--- DATA SUPPLIED Enclosed Below ---

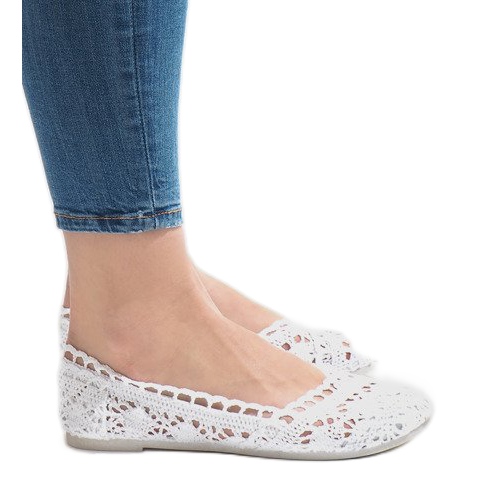 JX59P bijele tenisice od čipke bijela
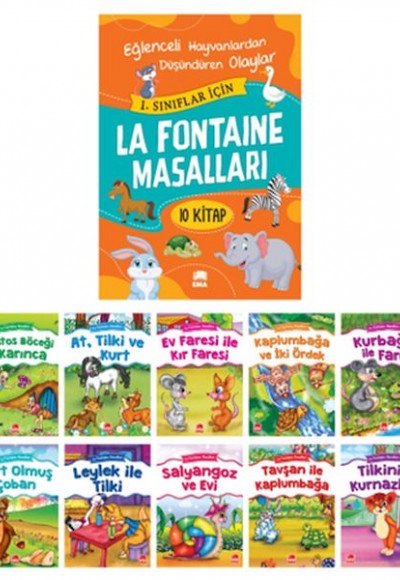 La Fontaine Masalları (10 Kitap Takım - Büyük Boy)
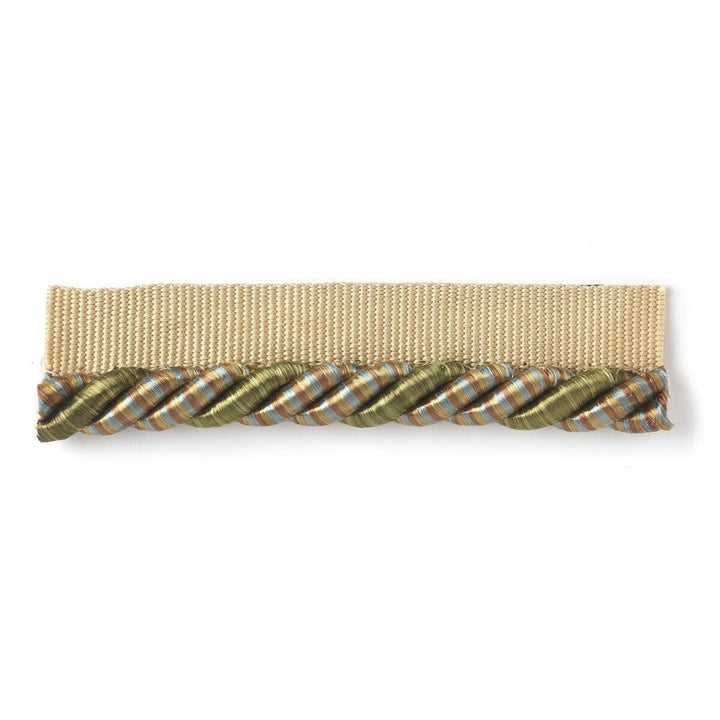 Drawbridge 4 Tarragon by Stout Designer Trim MYSTIQUE TRIM 49%COT 45%SVI 6%POL CHINA Horizontal: 0 and Vertical: 0 0.38 in - Swanky Fabrics -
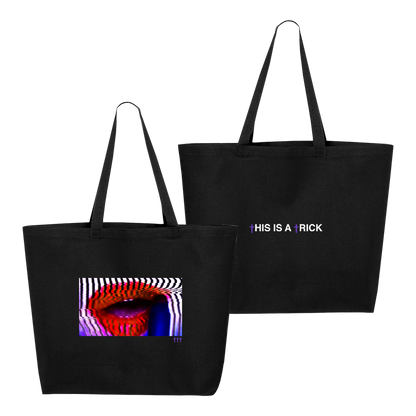 ††† Crosses This Is A Trick Black Tote Bag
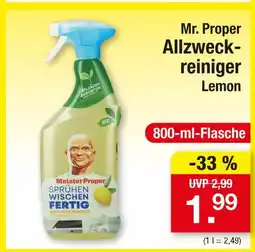 Zimmermann Mr. proper allzweckreiniger lemon Angebot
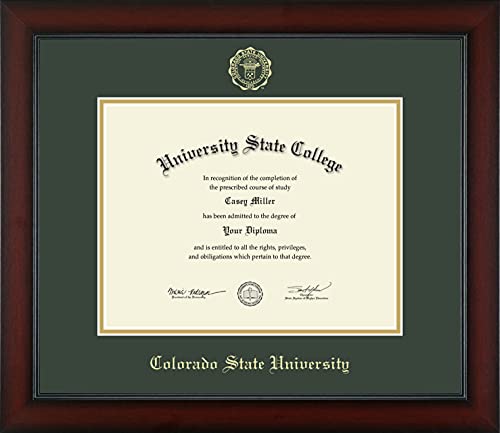 Colorado State University - Officially Licensed - Gold Embossed Diploma Frame - Document Size 11" x 8.5"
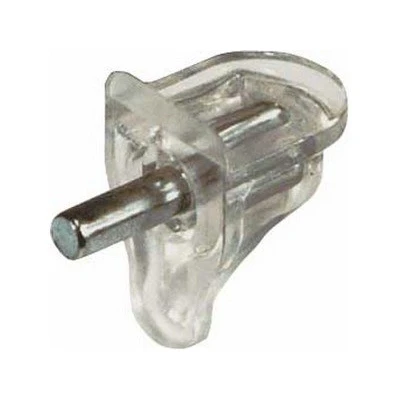 Image of PACK OF 12 TRANSPARANT 3MM BOOK CASE SHELF SUPPORT PINS PEG STUD STEEL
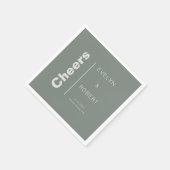 Minimale legante plechtige groenboodschappen servet (Hoek)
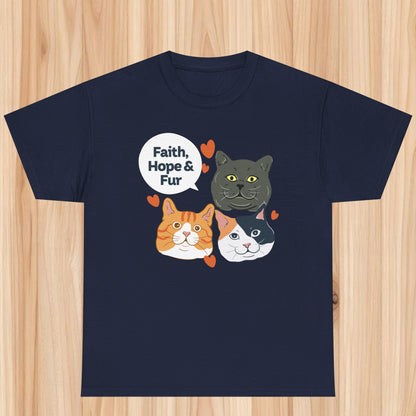 Faith, Hope Fur T-shirt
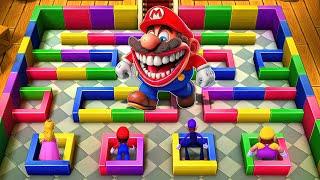 Mario Party Wii + Wii U - All Boss Minigames Battle (Hardcore Difficulty)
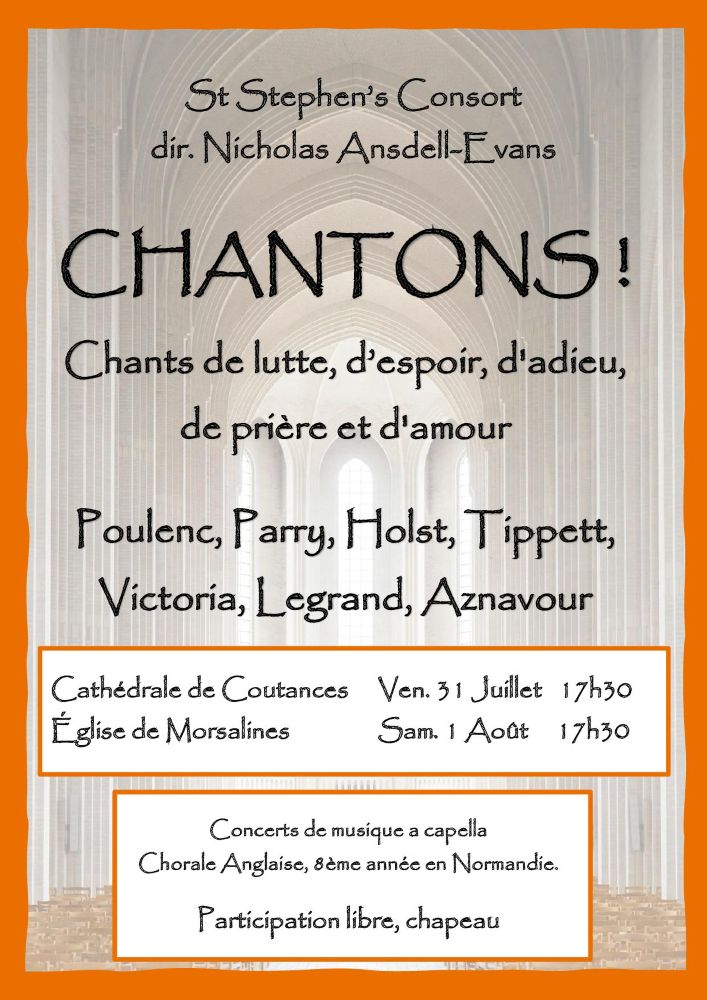 Concerts de musique a capella 1 Le Presbytère Quettehou 2026-08-01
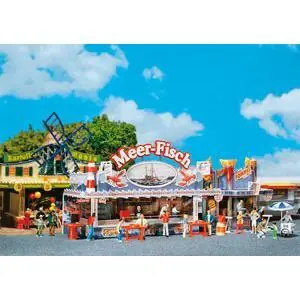 Kirmesbude Meer-Fisch Spur H0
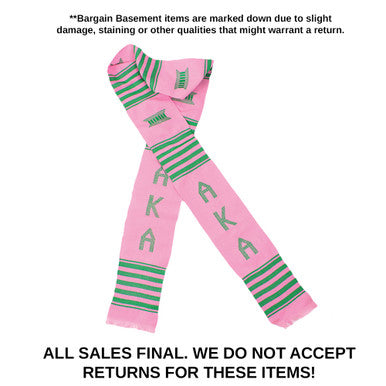 DAMAGED Sash: Alpha Kappa Alpha (Pink)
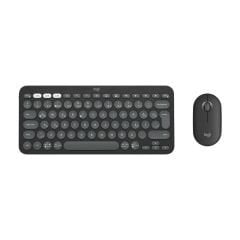 Logitech Pebble Keys 2 K380s Bluetooth Klavye-920-011859 + Logitech M350s Pebble 2 Kablosuz Sessiz Mouse-910-007015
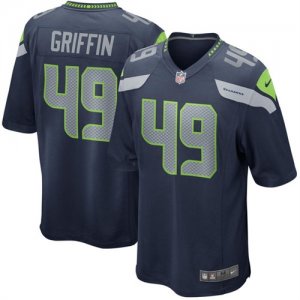 Nike Seahawks #49 Shaquem Griffin Navy 2018 NFL Draft Pick Elite Jersey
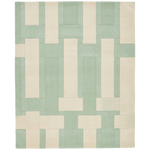 Offset Geometric Hand Tufted Rug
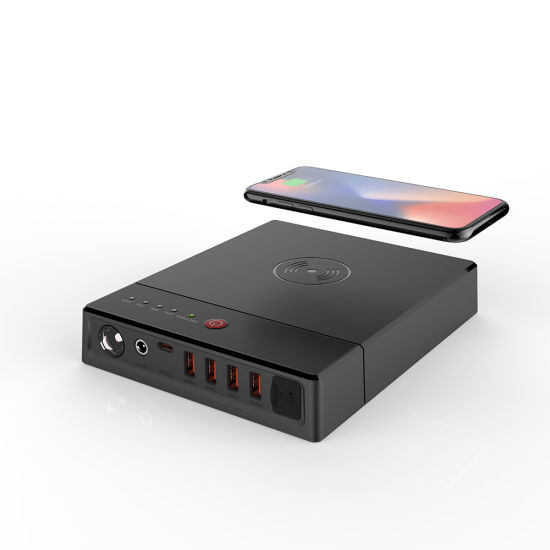 Drahtlose Powerbank mit großer Kapazität 40000mAh 12V 4 USB-Ausgang Auto-Starthilfe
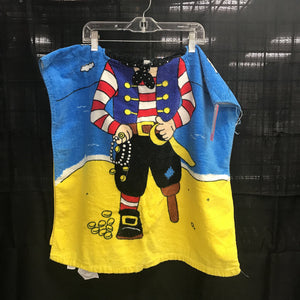hooded pirate towel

--- End of Enclosed DATA SUPPLIED ---

Reproduce exactly, with no pictures, the lines above from the one holding "Drawbridge 4 Tarragon" to the one holding "DAMAGED Sash: Alpha Kappa Alpha (Pink)", inclusive.

REPLY
 Drawbridge 4 Tarragon by Stout Designer Trim MYSTIQUE TRIM 49%COT 45%SVI 6%POL CHINA Horizontal: 0 and Vertical: 0 0.38 in - Swanky Fabrics -
 ††† Crosses This Is A Trick Black Tote Bag
 Zimmermann Mr. proper allzweckreiniger lemon Angebot
 Colorado State University - Officially Licensed - Gold Embossed Diploma Frame - Document Size 11" x 8.5"
 Image of PACK OF 12 TRANSPARANT 3MM BOOK CASE SHELF SUPPORT PINS PEG STUD STEEL
 Minimale legante plechtige groenboodschappen servet (Hoek)
 Faith, Hope Fur T-shirt
 Mario Party Wii + Wii U - All Boss Minigames Battle (Hardcore Difficulty)
 Concerts de musique a capella 1 Le Presbytère Quettehou 2026-08-01
 Kirmesbude Meer-Fisch Spur H0
 DAMAGED Sash: Alpha Kappa Alpha (Pink)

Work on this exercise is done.